出去了约有一个多钟头,他高高兴兴回来,在身上掏出那两搭票子,交给清秋道:“每搭是五百,共总一千。”清秋道:“还有一千呢?”燕西道:“姓了别人了,还有吗?”清秋道:“你真会用钱,出门去拿两千块钱,不到家就用了一半,这不能不算一个大手笔。”燕西笑道:“我这就算大手笔吗?你去查查老大老三他们用的钱,每月是要多少?”清秋道:“为什么不学人的好处,却学人的坏处?再说大哥、三哥他们都能挣钱,你总还算是在求学的时代,也不能和他去打比啊!”燕西道:“他们挣的钱吗?那更可笑了,恐怕还不够每月坐汽车的油费呢。”清秋笑道:“我不是说一句刻薄话,大概纨绔子弟四个字,你们贵昆仲,倒是货真价实。”燕西听了这话,未免脸上一红,就说不出话来。清秋也觉得这话有些言重了,便走到燕西身边,轻轻地拍着他的肩膀道:“对不住!我的话说错了,回头我给你拜年,再向你道歉。”燕西握住她的手,转过身来,这位新夫人正穿了一件玫瑰紫的驼绒袍,两颊带上一点似有如无的红晕,配上那乌缎子似的头发,双钩起来,掩住一角白脸,她美目流盼,瓠犀微露,真是娇艳极了。她的头正靠住了燕西的左肩,燕西偏着头由上向下一看,笑道:“今天为什么穿得这样漂亮?”清秋道:“今天不是过年吗?我总得穿个热闹闹的,免得人家说我姓冷,人也冷。”燕西道:“谁说了这话?”清秋道:“没有谁说,不过我这样猜想罢了。反正穿得热闹,总也不讨人厌。”燕西笑道:“这话不可一概而论,有那种猪八戒似的人,可就越热闹越讨厌。”清秋笑道:“我就知道我和猪八戒的相差不多,你可要算高家庄的高小姐了。”

 

就在这个时候,玻璃窗外有一个人影子一闪,似乎是走过来,又退回去了。清秋眼快,便问道:“外面是谁?”忽然外面有人格格地笑将起来。

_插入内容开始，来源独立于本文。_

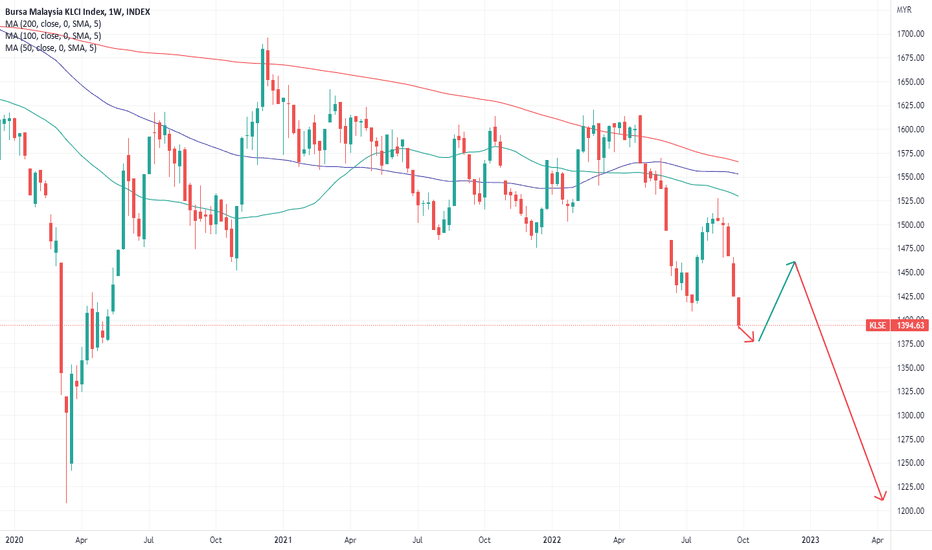 KLSE Index Charts and Quotes — TradingView
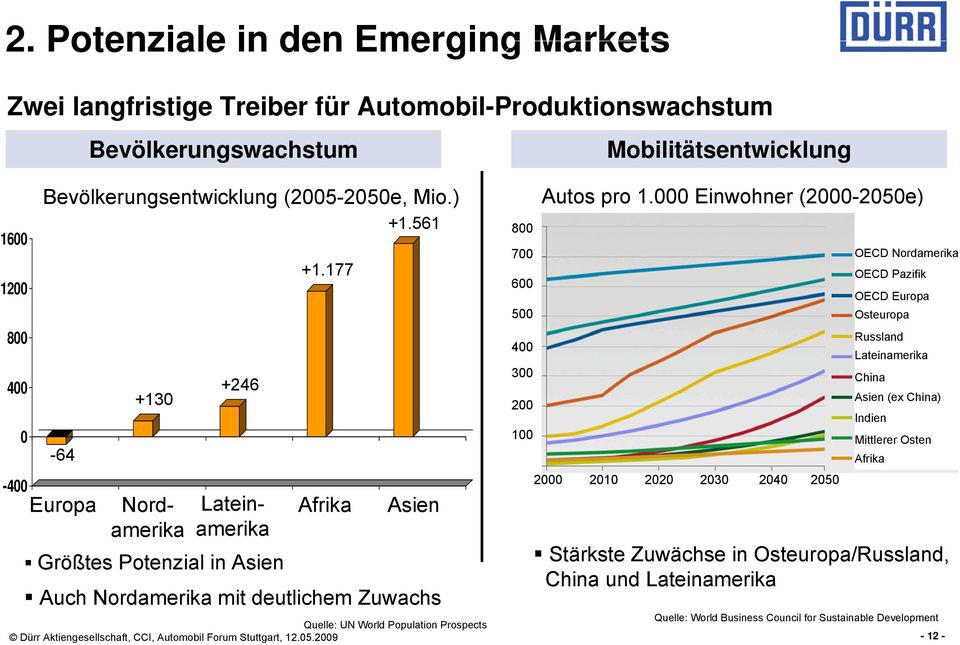 561 800 700 600 OECD Nordamerika OECD Pazifik OECD Europa 500 Osteuropa 800 400 Russland Lateinamerika 400 0-64 +130 +246 300 200 100 China Asien (ex China) Indien Mittlerer Osten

燕西听来人的声音,好象是道之,问道:“四姐吗?为什么不进来?”道之笑道:“说起新婚燕尔,你们真是当之无愧,那种鹣鹣鲽鲽的样子,我冲了进来,有些不大合适吧?”一面说着,一面已走将进来。清秋听了这话,倒有些不好意思,笑道:“四姐是作母亲的人,应该指导指导我们才是,你倒拿我们开玩笑?”道之道:“指导指导你们吗?除非是指着老七说。你是聪明人里头挑出来的顶尖儿,恐怕你要指导我才对呢。得!不要说那些客气话。老七我问你,我那支票,你给我填上了多少数目?”燕西作了一个揖道:“姐姐,真多谢你,救我出了难关。我填了两千,但是已用过去一半了,马上还得开销五百。”清秋将他递过来的钞票,依旧向他手上一塞,说道:“罢罢,你叫我保管,还没有拿过来,又要用去一半,还保管什么?当了债权人的面,你拿回去罢。”燕西笑道:“自然是等着花,你想,我要是把款能保管起来,又何必去借债呢?”道之道:“我正是来告诉清秋妹,让她监督着你,你要知道,我是债权团,就有派代表监督你财政的权利。”燕西道:“我还得出去开发债主子呢。”说毕,转身就向外走。清秋隔了窗子望着,默然不语。道之见她这样,好象有什么感触似的,便笑问道:“清秋妹,你看不惯他这种样子吗?他们都是这样,花钱象流水一样,已经花惯了。从前除了两位老人家,别人是不好干涉他们。现在你来了,你就负有这一层责任。”清秋笑着摇了一摇头道:“四姐,猜错了,我不是为这个。”但是她虽然否认了,却说不出另有别的原因。道之向来就不管这些屑末小事,清秋不说,她也就算了。便道:“母亲屋里去坐坐罢,一个人坐在屋子里又要看书了,昼夜坐着不动,这很是与卫生有碍的。”不待清秋答复,拉了清秋就跑。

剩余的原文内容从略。